[Task to complete]
All lines from the first one in the listing below to the one holding "Wildes Spiel zum", inclusive, are to be copied exactly.

[Records supplied]

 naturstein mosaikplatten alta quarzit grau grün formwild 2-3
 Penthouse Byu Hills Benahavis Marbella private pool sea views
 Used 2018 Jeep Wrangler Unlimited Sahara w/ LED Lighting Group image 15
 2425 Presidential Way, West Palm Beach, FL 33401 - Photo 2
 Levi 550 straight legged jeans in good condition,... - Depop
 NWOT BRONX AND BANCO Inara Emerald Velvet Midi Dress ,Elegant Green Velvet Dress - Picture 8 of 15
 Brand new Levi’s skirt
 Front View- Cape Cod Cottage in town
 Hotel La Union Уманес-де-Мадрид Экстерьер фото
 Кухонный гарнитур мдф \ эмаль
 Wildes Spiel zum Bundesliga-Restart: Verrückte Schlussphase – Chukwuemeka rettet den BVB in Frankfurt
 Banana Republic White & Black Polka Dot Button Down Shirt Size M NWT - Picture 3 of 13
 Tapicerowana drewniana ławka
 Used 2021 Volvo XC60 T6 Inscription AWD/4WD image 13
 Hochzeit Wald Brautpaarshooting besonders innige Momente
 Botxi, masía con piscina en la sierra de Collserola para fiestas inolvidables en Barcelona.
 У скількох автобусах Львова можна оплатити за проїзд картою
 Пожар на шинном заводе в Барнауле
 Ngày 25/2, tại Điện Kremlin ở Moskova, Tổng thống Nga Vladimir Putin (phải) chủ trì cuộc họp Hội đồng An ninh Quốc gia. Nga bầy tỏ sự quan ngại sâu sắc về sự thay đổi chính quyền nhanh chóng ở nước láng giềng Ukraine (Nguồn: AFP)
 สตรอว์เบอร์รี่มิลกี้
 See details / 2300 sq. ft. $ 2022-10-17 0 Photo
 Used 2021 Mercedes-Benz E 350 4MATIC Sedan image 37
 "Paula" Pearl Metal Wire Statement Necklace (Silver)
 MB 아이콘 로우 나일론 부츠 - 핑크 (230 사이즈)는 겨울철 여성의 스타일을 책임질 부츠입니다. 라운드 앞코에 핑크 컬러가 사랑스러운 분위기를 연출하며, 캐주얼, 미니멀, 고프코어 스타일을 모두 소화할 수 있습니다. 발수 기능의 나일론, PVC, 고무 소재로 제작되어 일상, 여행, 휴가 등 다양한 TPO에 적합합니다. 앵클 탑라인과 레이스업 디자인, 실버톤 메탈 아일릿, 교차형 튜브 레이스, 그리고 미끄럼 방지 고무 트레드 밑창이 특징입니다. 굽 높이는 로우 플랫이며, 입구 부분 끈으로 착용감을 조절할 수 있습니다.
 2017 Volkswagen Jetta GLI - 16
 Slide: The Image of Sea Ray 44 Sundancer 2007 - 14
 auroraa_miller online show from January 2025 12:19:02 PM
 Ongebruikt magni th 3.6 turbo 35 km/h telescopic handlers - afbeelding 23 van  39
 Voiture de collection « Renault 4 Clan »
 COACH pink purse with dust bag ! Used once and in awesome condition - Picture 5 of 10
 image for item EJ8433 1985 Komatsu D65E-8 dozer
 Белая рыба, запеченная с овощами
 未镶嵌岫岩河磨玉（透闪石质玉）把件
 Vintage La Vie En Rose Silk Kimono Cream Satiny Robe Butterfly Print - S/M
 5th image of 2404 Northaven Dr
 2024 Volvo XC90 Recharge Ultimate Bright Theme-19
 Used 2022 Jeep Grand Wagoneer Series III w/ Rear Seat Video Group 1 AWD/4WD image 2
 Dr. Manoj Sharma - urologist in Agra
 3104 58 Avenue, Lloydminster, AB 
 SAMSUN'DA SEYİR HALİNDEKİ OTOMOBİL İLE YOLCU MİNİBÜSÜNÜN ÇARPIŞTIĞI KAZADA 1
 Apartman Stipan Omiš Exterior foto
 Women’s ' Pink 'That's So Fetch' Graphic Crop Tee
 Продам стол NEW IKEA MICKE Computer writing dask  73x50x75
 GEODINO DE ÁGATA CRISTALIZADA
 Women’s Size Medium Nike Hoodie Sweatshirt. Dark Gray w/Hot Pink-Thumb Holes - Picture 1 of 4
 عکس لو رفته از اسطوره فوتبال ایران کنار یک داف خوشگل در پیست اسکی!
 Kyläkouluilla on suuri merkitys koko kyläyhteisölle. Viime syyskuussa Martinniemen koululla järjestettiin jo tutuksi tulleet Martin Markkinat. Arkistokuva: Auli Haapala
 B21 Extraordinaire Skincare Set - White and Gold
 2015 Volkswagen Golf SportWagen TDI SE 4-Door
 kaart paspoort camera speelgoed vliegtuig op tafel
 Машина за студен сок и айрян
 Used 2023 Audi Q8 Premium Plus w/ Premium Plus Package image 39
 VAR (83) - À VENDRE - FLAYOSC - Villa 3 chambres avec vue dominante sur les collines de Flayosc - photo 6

[Task output]
 naturstein mosaikplatten alta quarzit grau grün formwild 2-3
 Penthouse Byu Hills Benahavis Marbella private pool sea views
 Used 2018 Jeep Wrangler Unlimited Sahara w/ LED Lighting Group image 15
 2425 Presidential Way, West Palm Beach, FL 33401 - Photo 2
 Levi 550 straight legged jeans in good condition,... - Depop
 NWOT BRONX AND BANCO Inara Emerald Velvet Midi Dress ,Elegant Green Velvet Dress - Picture 8 of 15
 Brand new Levi’s skirt
 Front View- Cape Cod Cottage in town
 Hotel La Union Уманес-де-Мадрид Экстерьер фото
 Кухонный гарнитур мдф \ эмаль
 Wildes Spiel zum Bundesliga-Restart: Verrückte Schlussphase – Chukwuemeka rettet den BVB in Frankfurt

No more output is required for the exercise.